GOAL OF THE EXERCISE: Please set down the line that contains "Affiche LA TOUR DE PARIS G2116 PINTDECOR" and every line below it through the last, exactly as written, with no other lines.

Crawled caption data
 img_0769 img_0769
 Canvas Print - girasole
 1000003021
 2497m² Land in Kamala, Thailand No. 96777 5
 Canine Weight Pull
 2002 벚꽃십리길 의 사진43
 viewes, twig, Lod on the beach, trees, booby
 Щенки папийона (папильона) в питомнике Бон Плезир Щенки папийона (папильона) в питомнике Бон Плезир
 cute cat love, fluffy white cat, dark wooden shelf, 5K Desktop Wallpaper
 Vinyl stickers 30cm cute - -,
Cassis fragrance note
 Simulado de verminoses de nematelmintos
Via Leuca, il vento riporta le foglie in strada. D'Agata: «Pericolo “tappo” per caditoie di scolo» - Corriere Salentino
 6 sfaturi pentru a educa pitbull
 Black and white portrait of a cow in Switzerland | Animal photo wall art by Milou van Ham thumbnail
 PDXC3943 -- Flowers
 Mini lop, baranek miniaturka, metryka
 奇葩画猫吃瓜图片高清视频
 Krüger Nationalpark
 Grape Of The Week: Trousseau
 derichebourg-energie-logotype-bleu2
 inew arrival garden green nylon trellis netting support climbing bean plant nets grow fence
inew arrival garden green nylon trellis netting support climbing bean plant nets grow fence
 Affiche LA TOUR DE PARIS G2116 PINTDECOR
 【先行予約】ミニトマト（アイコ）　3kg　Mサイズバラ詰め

REPLY:
 Affiche LA TOUR DE PARIS G2116 PINTDECOR
 【先行予約】ミニトマト（アイコ）　3kg　Mサイズバラ詰め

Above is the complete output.